Música “O Que Eu Também Não Entendo” - Jota Quest
“... a natureza é mudança, a parte que nós podemos influenciar, e começa quando nós decidimos...”.
Trecho extraído do filme “Ratatouille”
Introdução
Atualmente, a Educação Física, como disciplina obrigatória integrante da grade curricular brasileira, está sofrendo uma grande desvalorização no espaço escolar. Como afirma Santos (2010), diante do panorama encontrado atualmente nas escolas brasileiras, no que tange à Educação Física como disciplina curricular, torna-se preocupante para nós educadores a importância que a ela se tem dado.
Essa desvalorização ocorre devido a uma ação multifatorial, mas que podemos apontar como principais aspectos: alguns fatores históricos da Educação Física brasileira durante o século 20 e os problemas atuais que foram influenciados por esses fatores históricos. Isto porque, na sociedade contemporânea, toda escola assume a tarefa de sistematizar, transmitir e transformar um saber historicamente produzido. Dentre outras razões, isso ocorre devido à própria natureza da instituição escolar, vista em sua historicidade.
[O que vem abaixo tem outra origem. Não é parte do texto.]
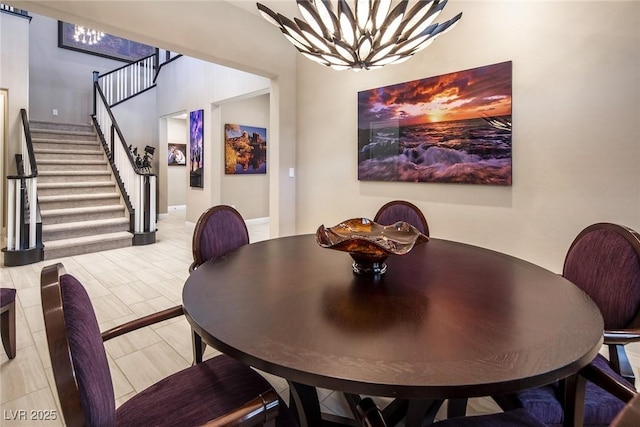 dining space featuring an inviting chandelier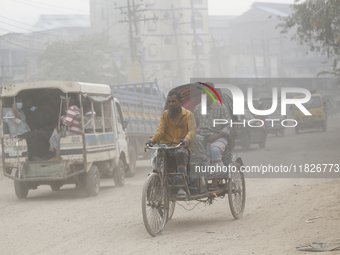 Commuters make their way amid unhealthy air quality in Dhaka, Bangladesh, on December 1, 2024. (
Nesta perspectiva, o que acontece hoje na Educação Física escolar é, dentre outras coisas, resultado de um longo processo histórico e que ainda passa também por uma grande “acomodação” por parte de muitos professores. Para entender como esta área vem sofrendo atualmente com esta desvalorização, faz-se necessário, inicialmente, um resgate histórico dos fatos que ainda influenciam esta realidade.
Breve histórico da Educação Física brasileira no século 20
Dentre os fatores históricos que contribuem para o quadro atual de desvalorização da Educação Física escolar está, em primeiro lugar, sua estreita relação com o esporte, o processo de esportivização pelo qual passou sua metodologia no Brasil, durante grande parte do século 20.
Na visão de González (2005), o termo esportivização pode ser entendido como a união dos propósitos e práticas pedagógicas da Educação Física escolar pela lógica do esporte de rendimento. Bracht (apud González, 2005) aponta que a esportivização acontece quando a Educação Física assume os códigos do esporte de rendimento, e dessa maneira, se tem “[...] não o esporte da escola e sim o esporte na escola...”
Assim entende-se que nesse processo de esportivização da Educação Física:
“o esporte na escola é um braço prolongado da própria instituição esportiva” (Bracht apud González, 2005), fazendo que os papéis dos sujeitos envolvidos no processo de ensino não se diferenciem entre a escola e o clube, adotando uma condição indiferenciada de professor/treinador e aluno/atleta, junto com outros efeitos tais como: seleção dos melhores alunos/atletas em detrimento dos de menor rendimento, especialização dos alunos/atletas em modalidades esportivas, abandono ou subordinação da tematização de outras manifestações da cultura corporal de movimento, organização do programa curricular pautado pelas competições escolares (González, 2005).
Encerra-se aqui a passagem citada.